* _What is needed_
Using the records below, repeat exactly the lines from the one holding "Image of JOY" through the one holding "IMAGO FACTORY Kento", both ends included, and no others.

[Material provided]

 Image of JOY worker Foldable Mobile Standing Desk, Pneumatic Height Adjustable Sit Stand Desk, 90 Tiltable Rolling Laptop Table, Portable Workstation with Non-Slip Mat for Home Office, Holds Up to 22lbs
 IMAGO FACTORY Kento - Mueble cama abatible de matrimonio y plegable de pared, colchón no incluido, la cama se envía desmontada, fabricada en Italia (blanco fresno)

[/Material provided]
[Material provided]

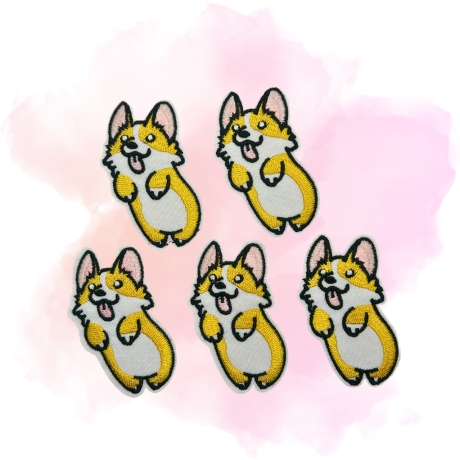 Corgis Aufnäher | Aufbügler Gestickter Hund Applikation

[/Material provided]

* _Finished task_
 Image of JOY worker Foldable Mobile Standing Desk, Pneumatic Height Adjustable Sit Stand Desk, 90 Tiltable Rolling Laptop Table, Portable Workstation with Non-Slip Mat for Home Office, Holds Up to 22lbs
 IMAGO FACTORY Kento - Mueble cama abatible de matrimonio y plegable de pared, colchón no incluido, la cama se envía desmontada, fabricada en Italia (blanco fresno)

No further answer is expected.